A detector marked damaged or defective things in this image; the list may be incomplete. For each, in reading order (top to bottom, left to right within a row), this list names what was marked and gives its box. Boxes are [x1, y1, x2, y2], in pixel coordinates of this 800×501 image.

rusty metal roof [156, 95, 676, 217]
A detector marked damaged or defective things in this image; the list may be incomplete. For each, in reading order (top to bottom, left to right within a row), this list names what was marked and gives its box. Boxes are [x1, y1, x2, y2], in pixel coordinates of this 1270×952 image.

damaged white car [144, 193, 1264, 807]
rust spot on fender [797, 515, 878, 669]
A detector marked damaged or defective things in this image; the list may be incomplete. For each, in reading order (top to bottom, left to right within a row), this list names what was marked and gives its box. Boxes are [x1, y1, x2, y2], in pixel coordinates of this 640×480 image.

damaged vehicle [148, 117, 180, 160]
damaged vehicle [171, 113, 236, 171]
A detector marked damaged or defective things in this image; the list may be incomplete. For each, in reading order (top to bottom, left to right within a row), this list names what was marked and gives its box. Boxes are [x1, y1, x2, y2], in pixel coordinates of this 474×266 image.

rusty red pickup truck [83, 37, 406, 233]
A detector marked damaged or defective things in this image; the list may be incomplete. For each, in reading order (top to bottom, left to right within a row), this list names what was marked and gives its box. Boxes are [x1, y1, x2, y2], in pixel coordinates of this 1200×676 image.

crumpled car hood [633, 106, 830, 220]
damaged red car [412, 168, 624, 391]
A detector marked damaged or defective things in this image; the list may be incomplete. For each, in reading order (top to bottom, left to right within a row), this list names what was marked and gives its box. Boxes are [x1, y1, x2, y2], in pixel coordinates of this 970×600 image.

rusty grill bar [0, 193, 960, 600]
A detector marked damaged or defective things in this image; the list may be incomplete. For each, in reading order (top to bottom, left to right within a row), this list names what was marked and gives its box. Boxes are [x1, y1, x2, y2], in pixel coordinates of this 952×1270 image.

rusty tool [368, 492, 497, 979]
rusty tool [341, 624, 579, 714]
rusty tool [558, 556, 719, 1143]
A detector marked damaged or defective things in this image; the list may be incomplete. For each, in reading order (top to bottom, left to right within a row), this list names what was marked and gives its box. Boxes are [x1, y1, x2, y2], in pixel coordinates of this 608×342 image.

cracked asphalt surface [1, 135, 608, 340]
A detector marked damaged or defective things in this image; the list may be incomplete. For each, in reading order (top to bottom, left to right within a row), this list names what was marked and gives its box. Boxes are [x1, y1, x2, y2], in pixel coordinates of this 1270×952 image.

_Activity_: In this exercise, reproduce the material word for word, in full.

_Exercise solution_:
A detector marked damaged or defective things in this image; the list may be incomplete. For each, in reading order (top to bottom, left to right within a row), this list names what was marked and gives its box. Boxes are [x1, y1, x2, y2], in pixel coordinates of this 800×501 image.

rusty metal roof [156, 95, 676, 217]
A detector marked damaged or defective things in this image; the list may be incomplete. For each, in reading order (top to bottom, left to right within a row), this list names what was marked and gives its box. Boxes are [x1, y1, x2, y2], in pixel coordinates of this 1270×952 image.

damaged white car [144, 193, 1264, 807]
rust spot on fender [797, 515, 878, 669]
A detector marked damaged or defective things in this image; the list may be incomplete. For each, in reading order (top to bottom, left to right within a row), this list names what was marked and gives its box. Boxes are [x1, y1, x2, y2], in pixel coordinates of this 640×480 image.

damaged vehicle [148, 117, 180, 160]
damaged vehicle [171, 113, 236, 171]
A detector marked damaged or defective things in this image; the list may be incomplete. For each, in reading order (top to bottom, left to right within a row), this list names what was marked and gives its box. Boxes are [x1, y1, x2, y2], in pixel coordinates of this 474×266 image.

rusty red pickup truck [83, 37, 406, 233]
A detector marked damaged or defective things in this image; the list may be incomplete. For each, in reading order (top to bottom, left to right within a row), this list names what was marked and gives its box. Boxes are [x1, y1, x2, y2], in pixel coordinates of this 1200×676 image.

crumpled car hood [633, 106, 830, 220]
damaged red car [412, 168, 624, 391]
A detector marked damaged or defective things in this image; the list may be incomplete. For each, in reading order (top to bottom, left to right within a row), this list names what was marked and gives its box. Boxes are [x1, y1, x2, y2], in pixel coordinates of this 970×600 image.

rusty grill bar [0, 193, 960, 600]
A detector marked damaged or defective things in this image; the list may be incomplete. For each, in reading order (top to bottom, left to right within a row), this list names what was marked and gives its box. Boxes are [x1, y1, x2, y2], in pixel coordinates of this 952×1270 image.

rusty tool [368, 492, 497, 979]
rusty tool [341, 624, 579, 714]
rusty tool [558, 556, 719, 1143]
A detector marked damaged or defective things in this image; the list may be incomplete. For each, in reading order (top to bottom, left to right within a row), this list names what was marked and gives its box. Boxes are [x1, y1, x2, y2], in pixel coordinates of this 608×342 image.

cracked asphalt surface [1, 135, 608, 340]
A detector marked damaged or defective things in this image; the list may be incomplete. For each, in reading order (top to bottom, left to right within a row), this list names what was marked and gives its box. Boxes are [x1, y1, x2, y2], in pixel coordinates of this 1270×952 image.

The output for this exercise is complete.